[Short text fragments from websites]
%%

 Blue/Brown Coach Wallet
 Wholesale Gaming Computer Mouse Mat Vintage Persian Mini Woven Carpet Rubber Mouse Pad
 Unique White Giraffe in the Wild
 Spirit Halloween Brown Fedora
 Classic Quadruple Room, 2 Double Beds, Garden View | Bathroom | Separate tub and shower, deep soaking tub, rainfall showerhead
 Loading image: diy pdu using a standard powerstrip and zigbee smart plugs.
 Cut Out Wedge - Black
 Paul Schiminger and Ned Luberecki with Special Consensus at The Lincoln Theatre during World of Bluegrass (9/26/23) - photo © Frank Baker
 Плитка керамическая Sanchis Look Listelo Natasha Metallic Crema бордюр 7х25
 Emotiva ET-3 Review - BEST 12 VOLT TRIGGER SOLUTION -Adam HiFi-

%%

Task | Retype each record, matching it exactly.

Problem solution |
 Blue/Brown Coach Wallet
 Wholesale Gaming Computer Mouse Mat Vintage Persian Mini Woven Carpet Rubber Mouse Pad
 Unique White Giraffe in the Wild
 Spirit Halloween Brown Fedora
 Classic Quadruple Room, 2 Double Beds, Garden View | Bathroom | Separate tub and shower, deep soaking tub, rainfall showerhead
 Loading image: diy pdu using a standard powerstrip and zigbee smart plugs.
 Cut Out Wedge - Black
 Paul Schiminger and Ned Luberecki with Special Consensus at The Lincoln Theatre during World of Bluegrass (9/26/23) - photo © Frank Baker
 Плитка керамическая Sanchis Look Listelo Natasha Metallic Crema бордюр 7х25
 Emotiva ET-3 Review - BEST 12 VOLT TRIGGER SOLUTION -Adam HiFi-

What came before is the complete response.